Aber auch der Umstand, daß das Kommissionsergebnis - mitsamt dem abweichenden Votum der DDR-Bürgerrechtlerin Freya Klier - nun in die Kompetenz eines CDU-Ministers, des Staatsministers für Kultur Bernd Neumann, fällt, kann ganz und gar nicht beruhigen, angesichts der Geschwindigkeit, mit der seine Partei unter Bundeskanzlerin Angela Merkel freiheitlich orientierte Positionen im Wahlkampf der Koalitionsräson opfert.

Die Sabrow-Kommission war 2005 von Kulturstaatsministerin Weiß eingerichtet worden. Ihr Staatssekretär Nevermann (SPD), ein unvermischtes 68er-Produkt, trotz des betont bürgerlich-hanseatischen Habitus, sorgte schon im Ansatz dafür, daß der von ihm und verwandten Relativierungsgeistern aus der alten Entspannungs-SPD intendierte "Paradigmenwechsel" bei der "wissenschaftlichen und musealen Auseinandersetzung mit dem SED-Regime", wie die "FAZ" schreibt, durch Ansiedlung der Kommission beim "linksorientierten Zentrum für Zeithistorische Forschung in Potsdam" garantiert wurde. Sabrow selber hat sich als revisionistischer Charakter bekannt, da er für die DDR-Aufarbeitung den "vorwiegend entlarvenden Gestus, der besonders in den 50er und dann wieder in den frühen 90er Jahren vorherrschend war", ablehne. Auch zieht Sabrow, ebenfalls laut "FAZ", "seit Jahren gegen die Kennzeichnung der DDR als totalitäre Diktatur zu Felde" und ließ sich soeben vom Berliner PDS-Kultursenator Flierl für das Projekt eines "Museums des Kalten Krieges" requirieren, das dem bei der neostalinistischen deutschen Linken wegen seiner ungebrochen antitotalitären Grundausrichtung so verhaßten "Haus am Checkpoint Charlie" zukünftig Erinnerungs-Paroli bieten soll.

Um so wichtiger ist der weiterhin freie Zugang zu den Akten des MfS, vor allem aber ihre starke Präsenz im Rahmen einer unübersehbaren Behörde, der auch symbolpolitisch Gewicht zukommt und so zu einer hohen Bewußtseinspräsenz des Materials und seiner politischen Voraussetzungen wie Ziele beiträgt.
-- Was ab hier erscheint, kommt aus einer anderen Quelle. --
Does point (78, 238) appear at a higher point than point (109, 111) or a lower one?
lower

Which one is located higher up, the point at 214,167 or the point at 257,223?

Das Verschwinden des Materials der Behörde im Bundesarchiv, wie mittelfristig von der Kommission vorgeschlagen, nebst anderen Aufarbeitungsinstituten, darunter eine Art "Verniedlichungs"-Museum zur Präsentation von "DDR-Alltags-Kultur", wäre in der Konsequenz für das öffentliche Bewußtsein gleichbedeutend mit der Unterschlagung von Beweismaterial. Darum geht es der PDS und ihren intellektuellen und politischen Kollaborateuren aus der westdeutschen Entspannungs-Tradition. Denn eine weichgezeichnete DDR-Geschichte läßt nicht nur die SED-Erben besser aussehen, auch die geistig-moralischen Verratshandlungen westdeutscher Politiker, Wissenschaftler, Theologen und Journalisten vor dem Mauerfall würden dadurch verblassen, und übrig bliebe das beide Interessenten verbindende "Antifaschistentum", das die politischen Diskurse der Bundesrepublik von Tag zu Tag mehr mit dem Leichengift Stalins infiziert.